I slowly recite my number and poke my tongue out at him. I feel free to let go and be “me” around Phoenix. I’ve spent so long hiding from that person.


 

 

 

 

 

 

 

 

 

 

 

I was glad I’d asked. I now had her number. I also got her tongue poked out at me, I found that amusing.
“Why thank you.”
I then mock her extremely slow speed as I give my own number.
“Got it, my stop is up here”
She turns to the window. Her hair igniting in the near evening sun. Fate. I was meant to meet this girl. My thoughts carry on to soul mates. I believe there is someone meant for every person. The bus jolts to a stop. I can’t tear my eyes from her.

 

 

We exchange numbers. I realise I have to go soon, I don’t want to… I want to talk and talk. Gazing out the window I think of how many distant and new feelings he has brought me in so little time. Phoenix Marshall means something to me, without realising… I trust him. It hit me. I haven’t trusted anyone since she betrayed me. My own mother. Gave up on life, gave up on me.
 

 

Ryleigh stood and picked up her bag, time for goodbye. I looked right into those eyes, faced the burning gaze, feeling transparent.
“I’ll text you.”
A half smile creeps across her face, eyes still locked on mine.
“Ok… Paramore lyrics; ‘You are the only exception’, goodbye Phoenix Marshall”
She is so amazing, I’m completely stunned but manage:
“Bye Amazing”
Partly a mistake but it is what I’m thinking. She smiles as she gets off the bus and begins walking. I’m in a dream-like state because of this beautiful, amazing girl. I listen to the song she just quoted. The Only Exception – Paramore. The words continue to circle in my head; ‘None of it was ever worth the risk, you are the only exception.’

 

 

 

 

 

 

 

 

He said it. He actually called me amazing, I can’t fight the tears for long but manage to hold them with a smile until I’m out of sight. I feel whole. For the first time I feel worthy. For the first time I feel my heart.

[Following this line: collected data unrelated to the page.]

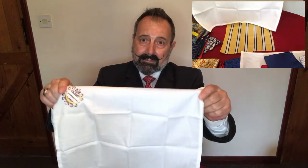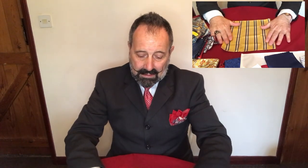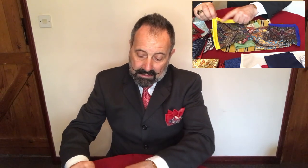Pocket squares historically have been called handkerchiefs, and most people will relate to their grandparents or even their parents using a handkerchief. It's very easy to use them in a formal setting, but in a more relaxed informal setting we tend to use what's called a pocket square, which is basically a strip of material. In this case we have a yellow and blue striped pocket square — it comes in different materials.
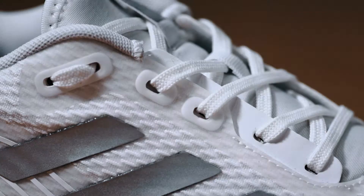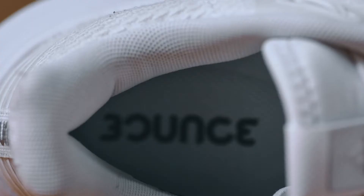The NovaFlight is a fantastic shoe. It's a slightly lower price point, but it's still loaded with great features. It's still going to be super comfortable, and it has awesome support.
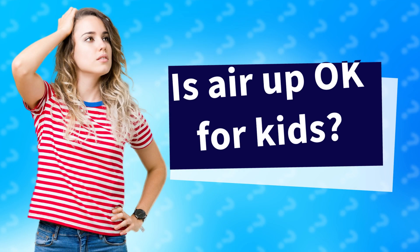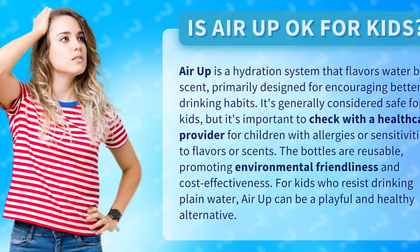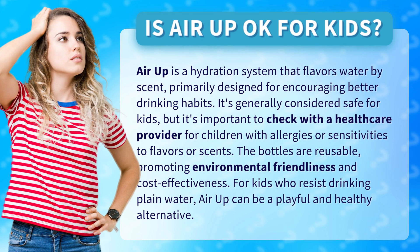Is AirUp OK for kids? AirUp is a hydration system that flavors water by scent, primarily designed for encouraging better drinking habits. It's generally considered safe for kids, but it's important to check with a healthcare provider for children with allergies or sensitivities to flavors or scents.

But also for the first time, I’m facing a gun. How it happens I don’t know. An unfamiliar man is standing before me, gun in hand. It’s pointed directly at me. His face, unclear except his eyes. Those eyes tell me he is on drugs. Those eyes are burned into my memory. My last memory of my mother. My ears ring, searing agony. Then nothing…

 

 

His thoughts were focused solely on Ryleigh Walker, a girl he had only so recently encountered. He didn’t hear the gunshot. Instead, music filled his ears. “Sorrow – Flyleaf” he selected. Mouthing the lyrics, ‘For just one second I felt whole, as you flew right through me.’

 

The small yet fatal bullet weighed down her already burdened heart, a heart heavy with pain and sorrow. It would have been a welcome end had it occurred just half an hour before; she had had nothing to live for. But now the only exception was Phoenix Marshall.